Further, the blog post notes that this decision was due to “potential violations of University and Fraternity policies and in response to mistreatment of members joining Fall 2018.”
According to the Sigma Alpha Epsilon Fraternity Laws section 12B-1, “hazing, as defined by the laws of the land, by a collegiate host institution, or by the Fraternity” is declared to be a flagrant offense.
Johnny Sao, Director of Communications for SAE’s national organization, said that the ordering of a cease-and-desist was the “direct result of alleged health and safety violations.”
When contacted for comment by the Old Gold & Black, senior Matthew Swimmer, president of SAE, declined to comment, saying “it is Sigma Alpha Epsilon’s policy not to comment on pending or threatened allegations.”
Sao said that SAE is committed to the safety of their members and the communities in which they live.
“When incidents are brought to headquarters’ attention, we take immediate action and will not hesitate to impose disciplinary actions on any member or chapter that fails to follow our stringent guidelines and expectations,” Sao said.

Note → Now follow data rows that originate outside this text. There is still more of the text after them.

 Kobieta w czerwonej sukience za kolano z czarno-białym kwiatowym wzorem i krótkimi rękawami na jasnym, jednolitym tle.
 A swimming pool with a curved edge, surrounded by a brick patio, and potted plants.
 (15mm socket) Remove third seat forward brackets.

Betsy Adams, director of Fraternity and Sorority Life, stated that if a national organization informs Wake Forest administration about potential violations of a national policy, then Wake Forest administration will determine if they also need to investigate potential violations of university policy.

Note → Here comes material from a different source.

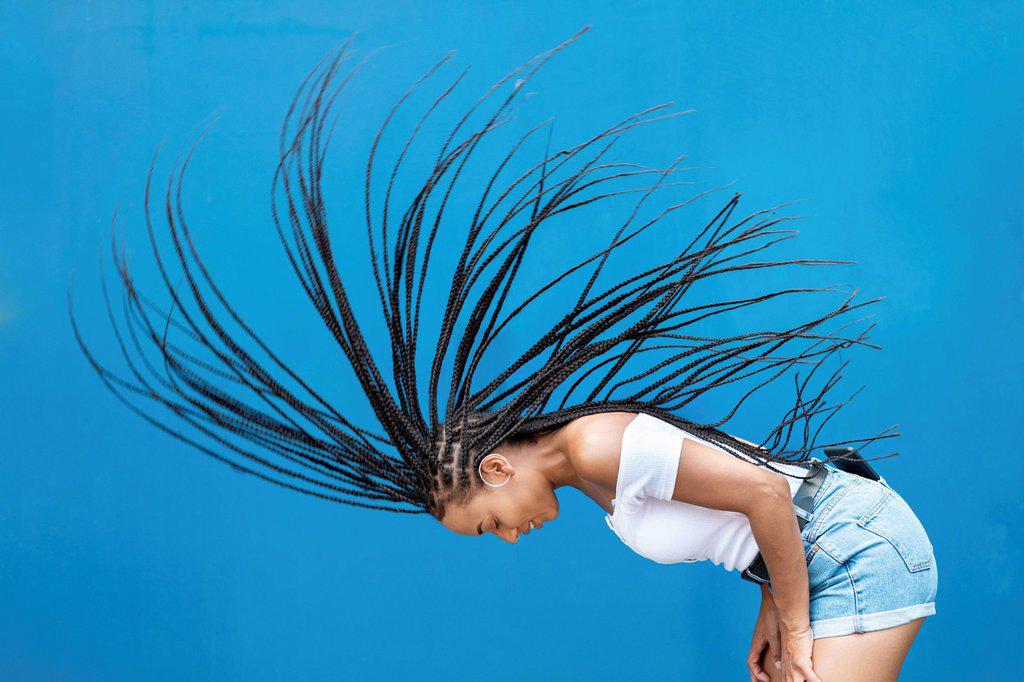 Woman tossing hair against blue wall
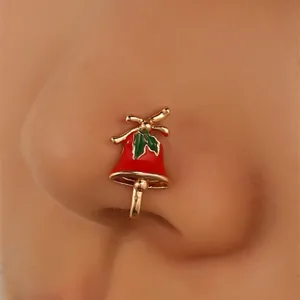 Close-up of Christmas bell faux nose ring with red enamel and green holly detail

“We are fortunate that we have great relationships with the national organizations for our fraternities and sororities, and they share information with us just as we share information with them,” Adams said. “The university and the national organizations follow their respective investigative and conduct protocols.”
Interim suspension means that the organization cannot “participate in chapter-related meetings, social functions, or activities on- or off- Wake Forest’s campus,” according to the blog post. Sao said that a cease-and-desist order by the national organization means that “all chapter operations must halt until further notice.”
According to the blog post, the university interim suspension will remain in effect until the investigations are completed and next steps identified. For their investigations, the national organization has their own independent processes.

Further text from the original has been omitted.